Anılan maddede açıklandığı üzere, geçici verginin yıllık vergiye mahsuben peşin olarak alınan bir vergi olması nedeniyle, geçici vergiye bağlı olarak üç kat yerine bir kat vergi ziyaı cezası kesilmesi hakkaniyete uygun olacağından, dava konusu geçici vergiler üzerinden üç kat kesilen vergi ziyaı cezalarının bir katı aşan kısımlarında hukuka uyarlık bulunmamaktadır.
KARAR SONUCU :
Açıklanan nedenlerle;
1.Davacının temyiz isteminin kısmen reddine, kısmen kabulüne, davalı idarenin temyiz isteminin reddine,
2.Temyize konu …. Vergi Mahkemesinin … tarih ve E:…, K:… sayılı kararının, geçici vergi asıllarına ilişkin hüküm fıkrasının oyçokluğuyla, geçici vergiler üzerinden bir kat kesilen vergi ziyaı cezalarına ilişkin hüküm fıkrasının oybirliğiyle ONANMASINA,
3.Mahkeme kararının, geçici vergiler üzerinden üç kat kesilen vergi ziyaı cezalarının bir katı aşan kısımlarına ilişkin hüküm fıkrasının oybirliğiyle BOZULMASINA,
4. 492 sayılı Harçlar Kanunu'na bağlı (3) sayılı Tarife uyarınca, davacı aleyhine onanan tutar üzerinden binde … oranında ve … TL den az olmamak üzere hesaplanacak nispi karar harcından, varsa evvelce ödenen harcın mahsubundan sonra kalan harç tutarının temyiz eden davacıdan alınmasına,
5.Bozulan kısım hakkında yeniden bir karar verilmek üzere dosyanın anılan Mahkemeye gönderilmesine,
6.2577 sayılı İdari Yargılama Usulü Kanunu'nun (Geçici 8. maddesi uyarınca uygulanmasına devam edilen) 54. maddesinin 1. fıkrası uyarınca bu kararın tebliğ tarihini izleyen onbeş (15) gün içinde kararın düzeltilmesi yolu açık olmak üzere, 13/09/2021 tarihinde karar verildi.
(X) KARŞI OY :
193 sayılı Gelir Vergisi Kanunu'nun mükerrer 120. maddesinin 4. fıkrasında; yapılan incelemeler sonucunda, geçmiş döneme ait geçici verginin %10'u aşan tutarda eksik beyan edildiğinin tespiti halinde, eksik beyan edilen bu kısım için re'sen veya ikmalen geçici verginin tarh edileceği, mahsup süresi geçtikten sonra, kesinleşen geçici vergilerin terkin edileceği, ancak gecikme faizi ve geçici vergiye bağlı kesilen cezanın tahsil edileceği hükme bağlanmıştır.

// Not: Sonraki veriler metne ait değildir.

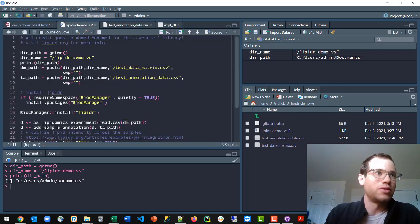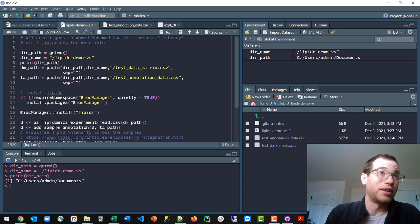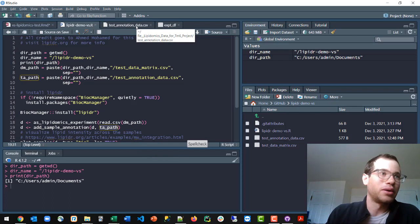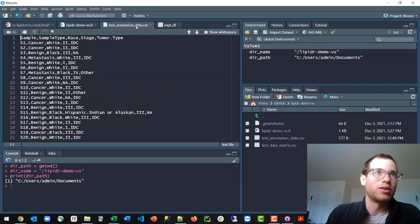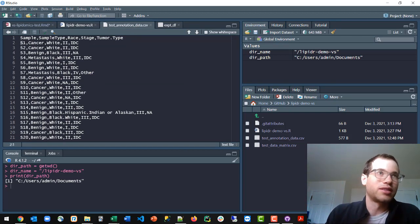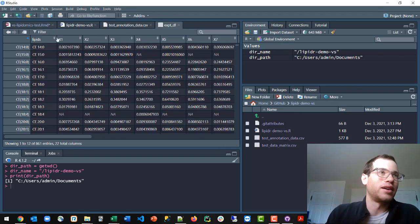And then you also need this sample annotation. So that's where this second CSV, the second input to the lipidr package comes in here. And that's basically the following, where we're specifying the characteristics of each one of these mice in our study.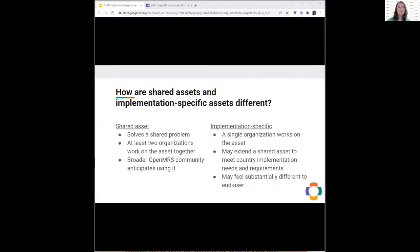An implementation-specific asset, on the other hand, might be something that only a single organization is working on. They might be extending a shared asset to meet specific country implementation needs and requirements — really owning it in the country context. It may feel substantially different to end users than the more generic shared asset application. I'm going to ask Grace to walk us through a specific example of shared assets, and specifically what shared 3.x assets look like.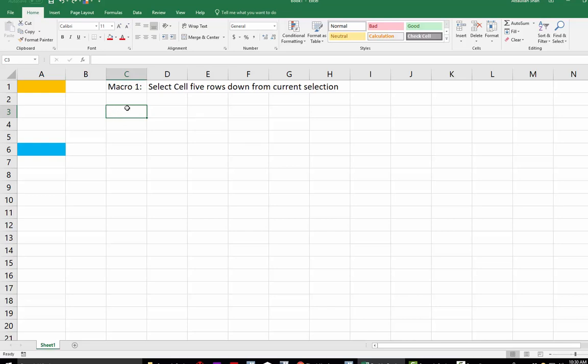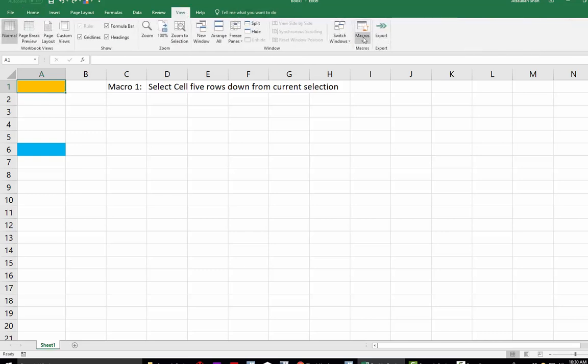We are right now in cell C3. Before I start recording, I would like to go to the desired location, then go to the View menu.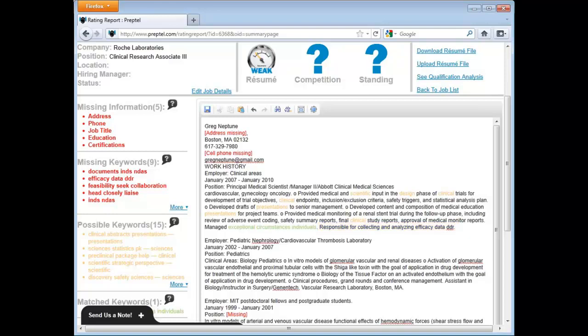Do the same for the possible keywords. Look for the matching phrase in your resume. We show you the matching words after the hyphen, here.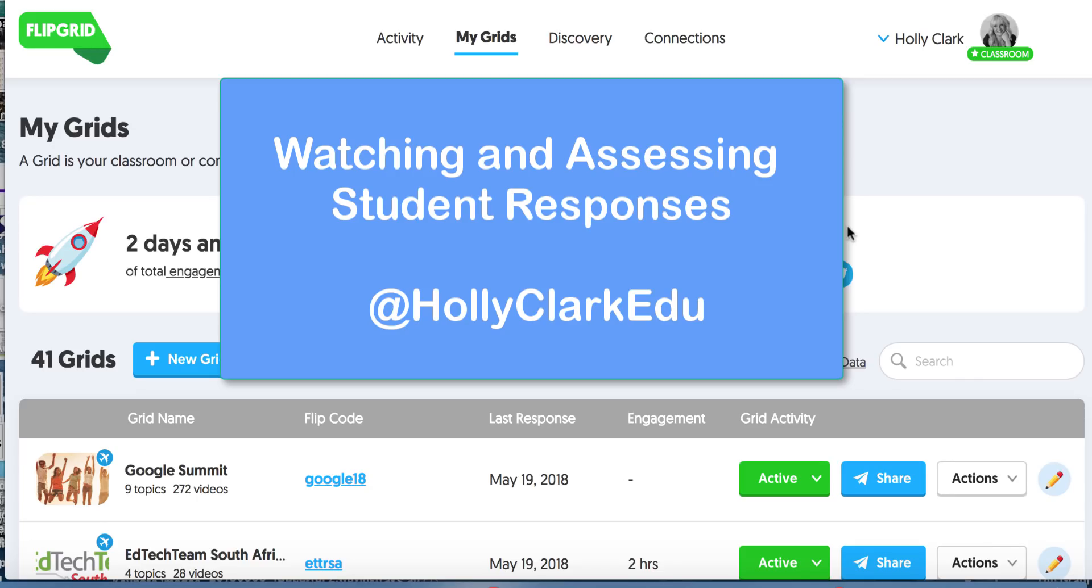Hi and welcome back to video number two. I believe this is going to be your most important video because it's where we're going to learn how to look at the responses and assess the responses and make edits and changes to both our grid and our topic.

Olayda, dava konusu ihbarnamelerde geçici vergi miktarı gösterilmiş ise de, geçici verginin aslının aranmayacağının belirtilmesi karşısında vergi miktarının kesilecek vergi ziyaı cezasının tutarının belirlenmesine yönelik olduğu anlaşılmaktadır.
Şu halde, aslı aranmayacağı hem kanunun ilgili maddesi gereği olması ve hem de idarece tanzim olunan ihbarnamelerde geçici verginin aslının aranmayacağının açıkça belirtilmesi nedeniyle, kararın geçici vergi aslının kaldırılmasına ilişkin hüküm fıkrasının da hukuki sonuç doğurmasına imkan bulunmamaktadır.
Bu durumda, ihtilafın "geçici vergi aslına ilişkin kısım yönünden incelenmeksizin reddine" karar verilmesi gerekirken, aksi yönde verilen Mahkeme kararının belirtilen gerekçeyle bozulması gerektiği görüşüyle, bu kısmın onanmasına ilişkin Dairemiz kararına katılmıyorum.